Stored entries:
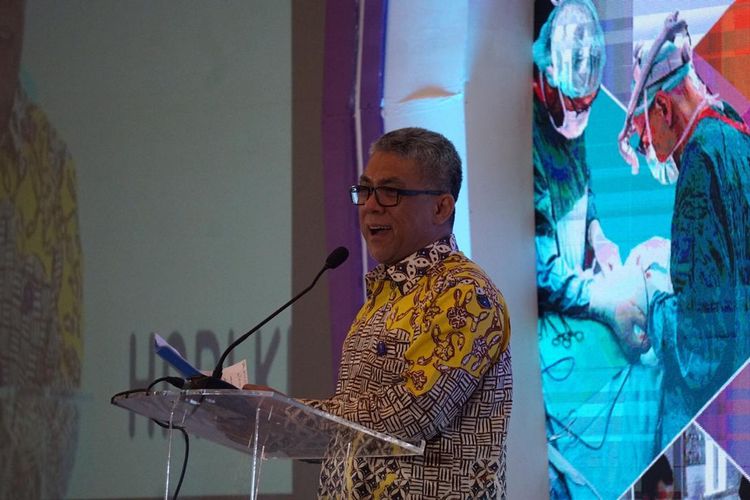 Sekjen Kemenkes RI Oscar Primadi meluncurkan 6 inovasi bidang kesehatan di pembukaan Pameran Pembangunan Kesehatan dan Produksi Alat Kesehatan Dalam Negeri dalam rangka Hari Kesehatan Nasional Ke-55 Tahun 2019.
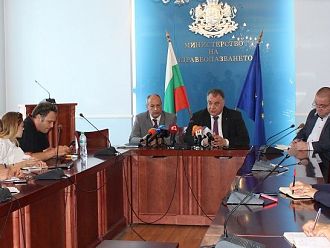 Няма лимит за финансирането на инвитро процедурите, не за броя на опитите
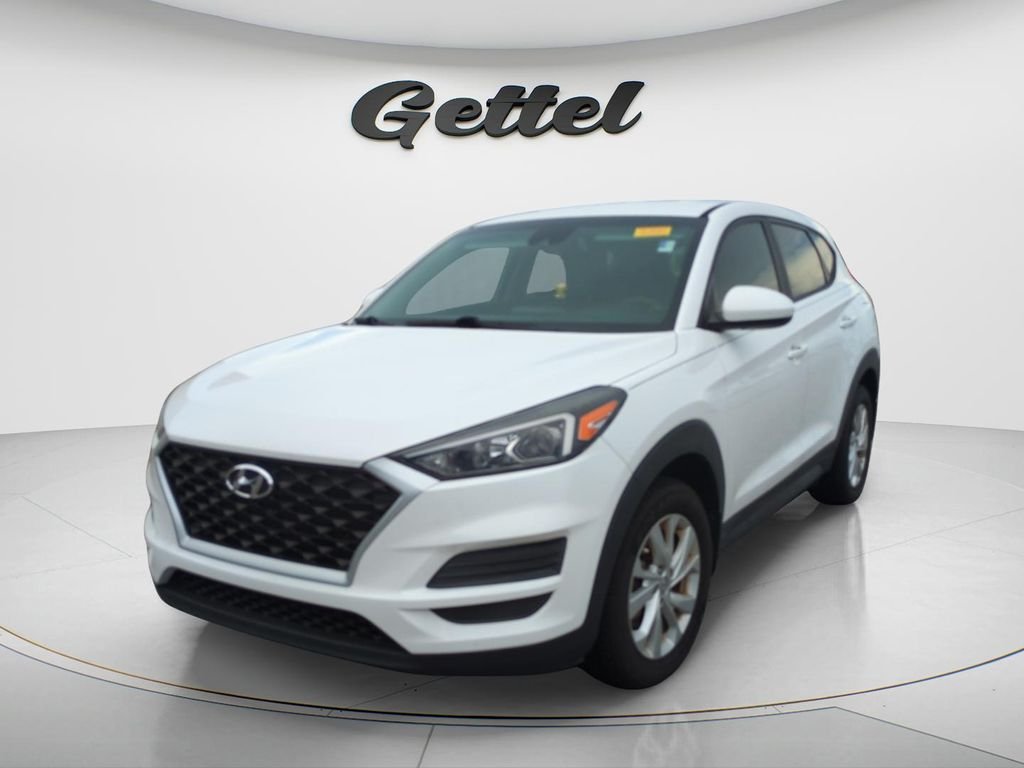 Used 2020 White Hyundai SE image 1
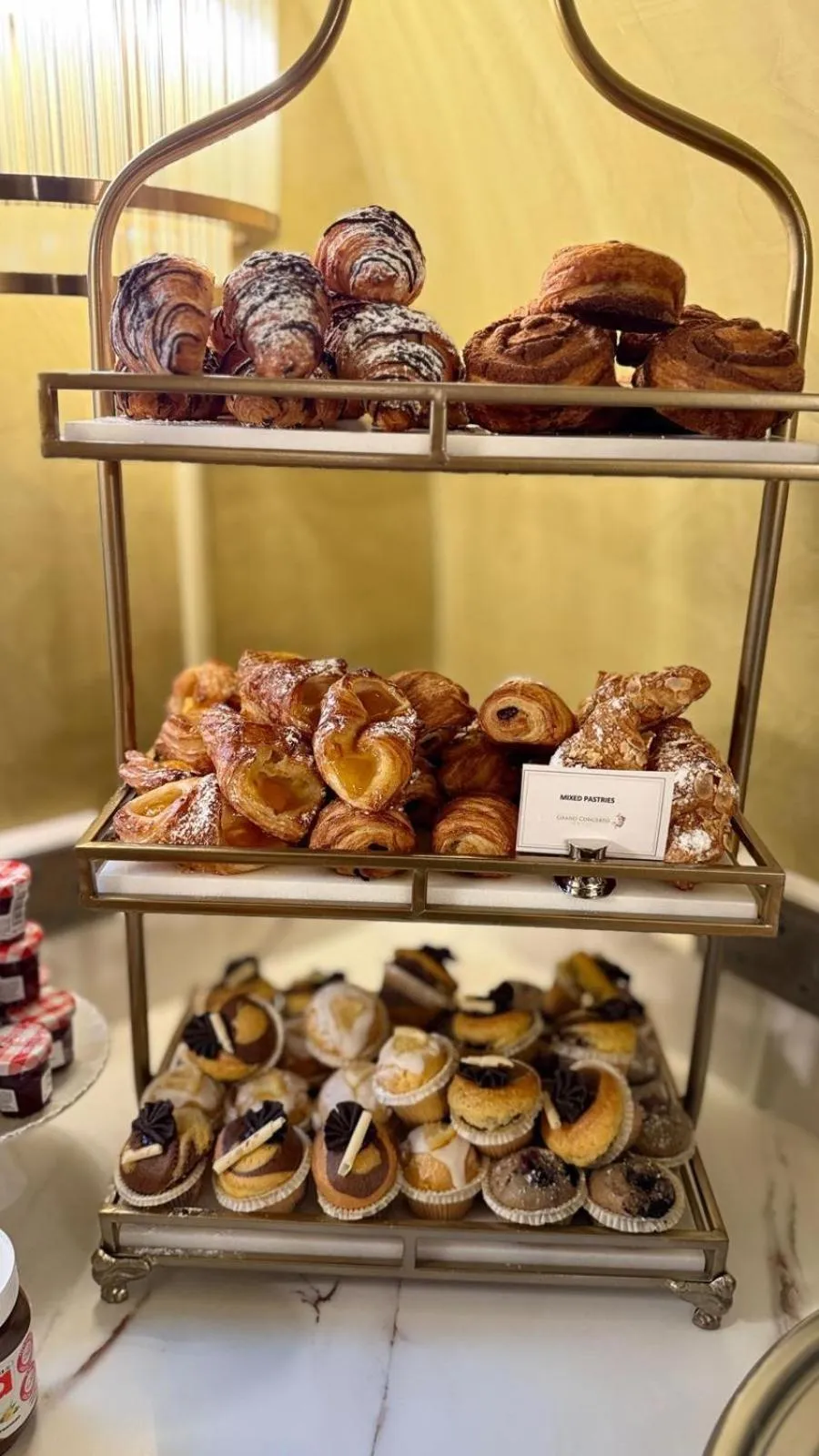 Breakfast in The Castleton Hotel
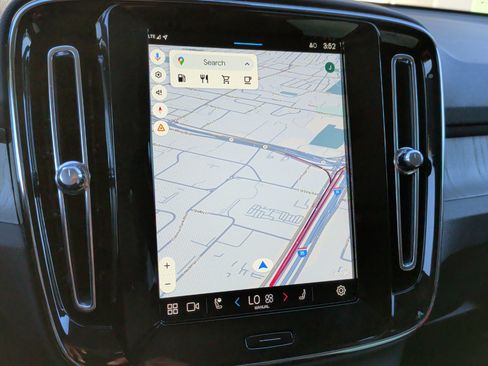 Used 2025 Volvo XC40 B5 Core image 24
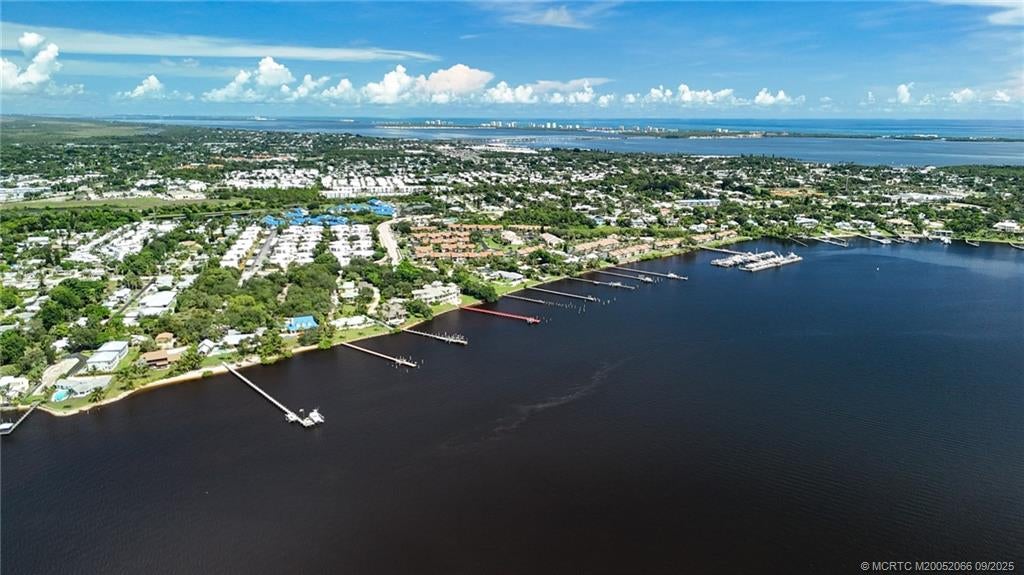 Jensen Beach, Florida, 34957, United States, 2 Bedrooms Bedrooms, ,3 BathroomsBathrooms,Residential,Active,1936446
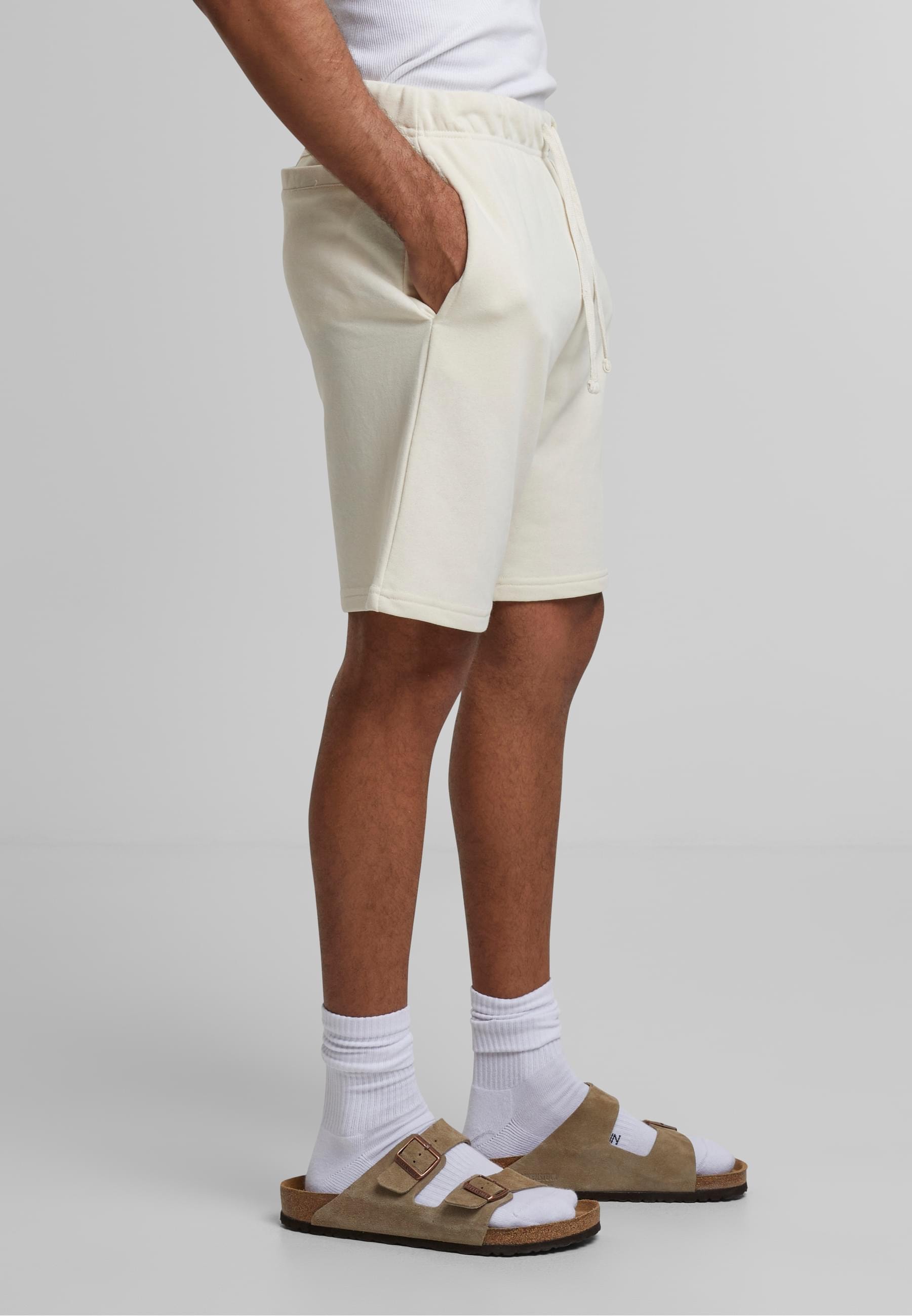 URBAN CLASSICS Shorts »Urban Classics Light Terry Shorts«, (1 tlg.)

What is required:
Once the pictures are set aside, what is needed is the lines from the line with "Used 2025 Volvo XC40 B5 Core image 24" through the end of the data, written out exactly and alone.

Task answer:
 Used 2025 Volvo XC40 B5 Core image 24
 Jensen Beach, Florida, 34957, United States, 2 Bedrooms Bedrooms, ,3 BathroomsBathrooms,Residential,Active,1936446
 URBAN CLASSICS Shorts »Urban Classics Light Terry Shorts«, (1 tlg.)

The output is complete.